**EXERCISE DESCRIPTION**
Could you give the listing again exactly, without its pictures?

**EXTRACTED ENTRIES**
-------

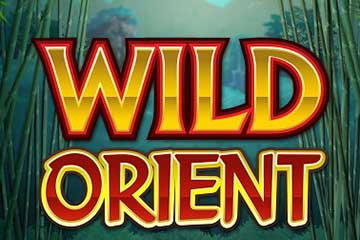 Wild Orient spelautomat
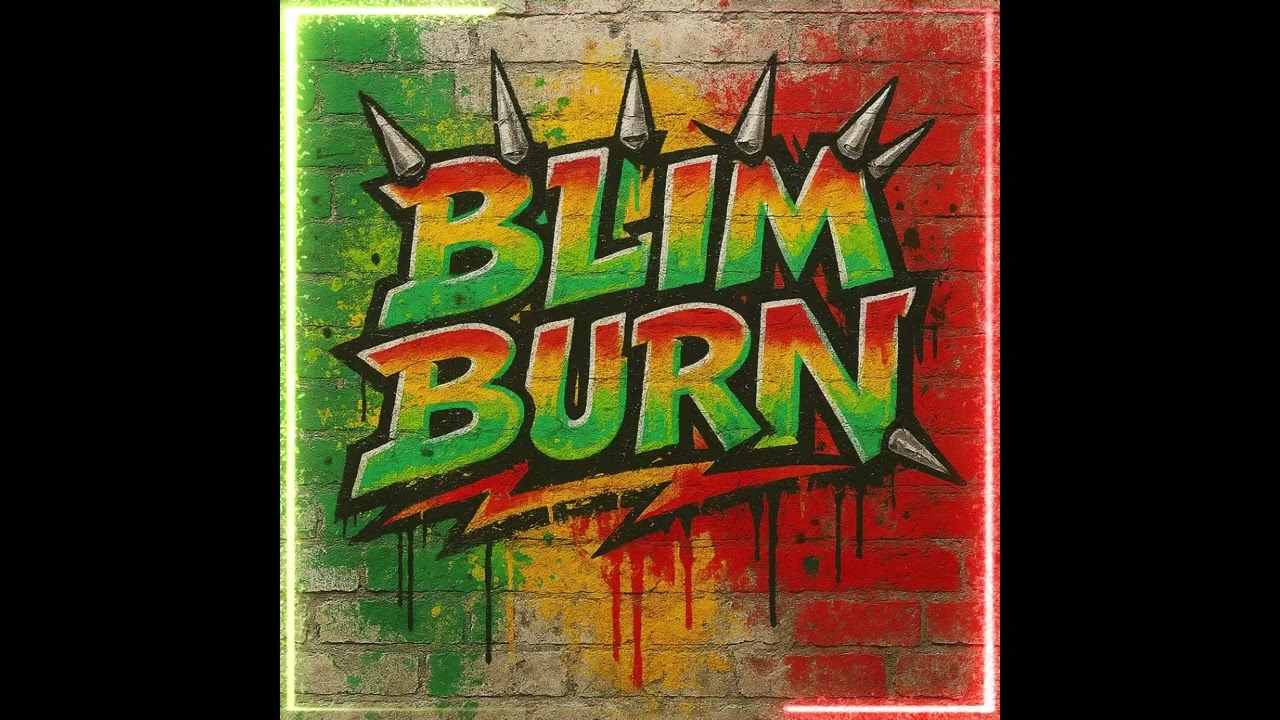 Blim Burn - Espresso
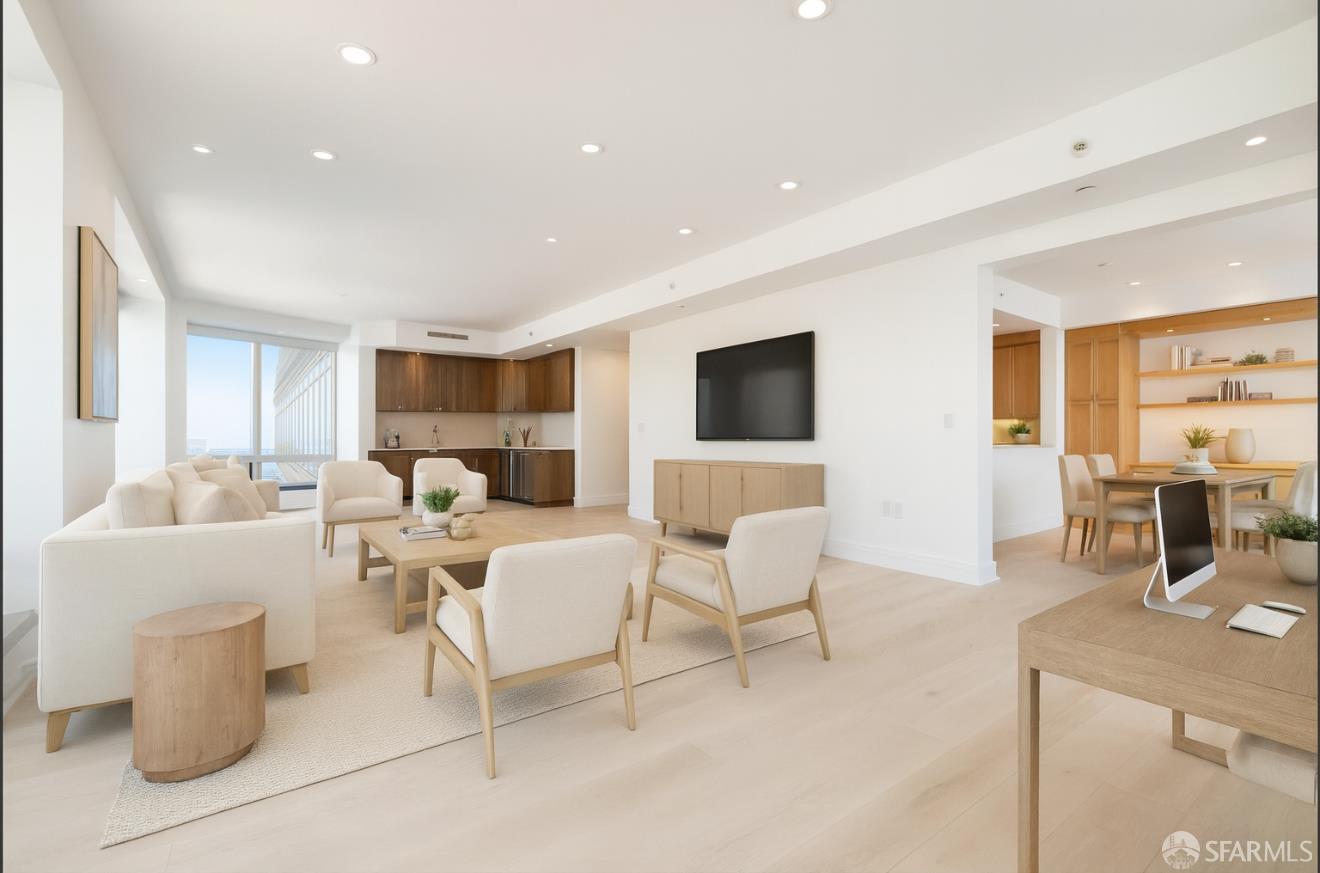 765 Market Street # 22D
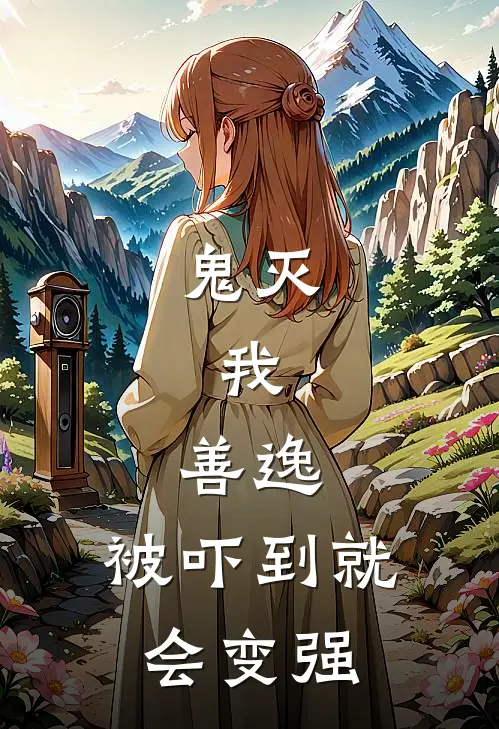 鬼灭：我，善逸，被吓到就会变强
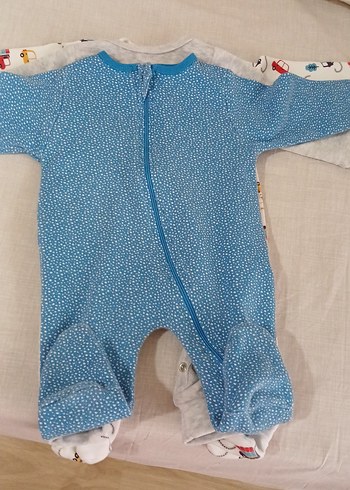 YENI SEZON  BEBEK TULUMLARI - Görsel 13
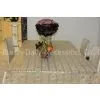 PVC Lace TableCloth 137cm Wide photo-3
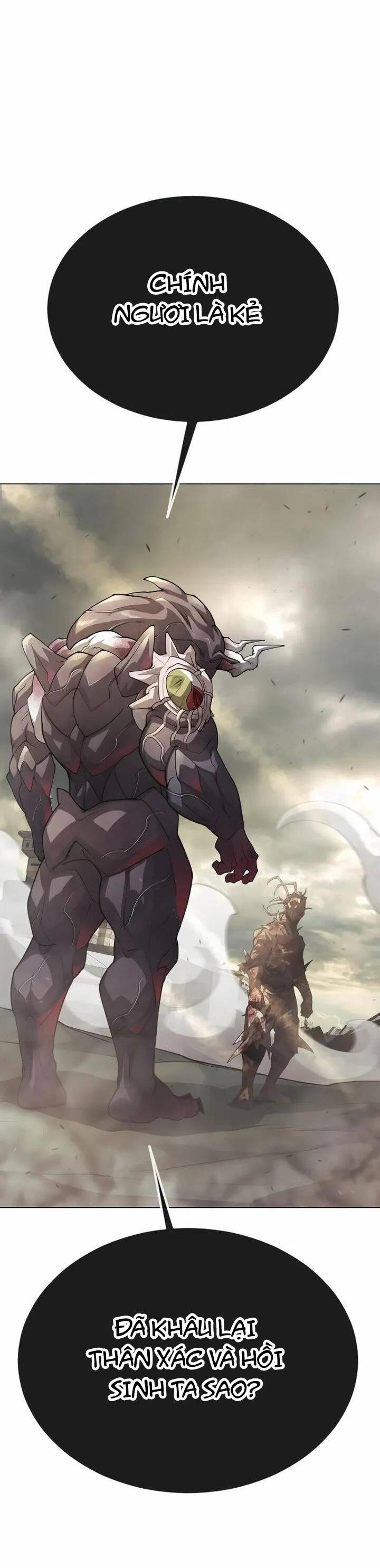 Kĩ Nguyên Của Anh Hùng Chapter 181 - 81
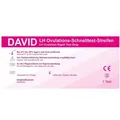 Produktbild: David Ovulationstest 50 x David Ovulationstest Streifen 20miu/ml LH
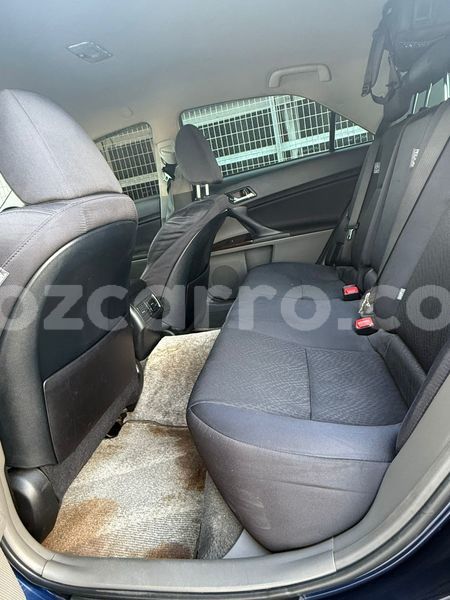 Big with watermark toyota mark x maputo maputo 40592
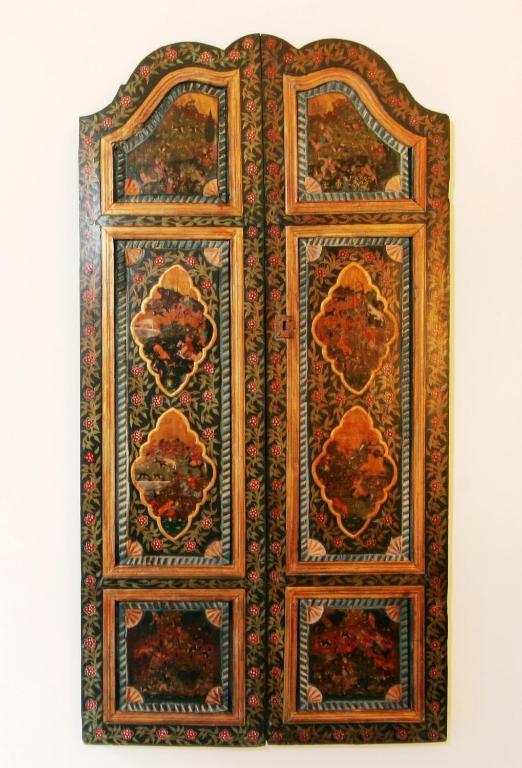Riad Misbah Φεζ Εξωτερικό φωτογραφία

-------

**PROBLEM SOLUTION**
 Wild Orient spelautomat
 Blim Burn - Espresso
 765 Market Street # 22D
 鬼灭：我，善逸，被吓到就会变强
 YENI SEZON  BEBEK TULUMLARI - Görsel 13
 PVC Lace TableCloth 137cm Wide photo-3
 Kĩ Nguyên Của Anh Hùng Chapter 181 - 81
 Produktbild: David Ovulationstest 50 x David Ovulationstest Streifen 20miu/ml LH
 Big with watermark toyota mark x maputo maputo 40592
Riad Misbah Φεζ Εξωτερικό φωτογραφία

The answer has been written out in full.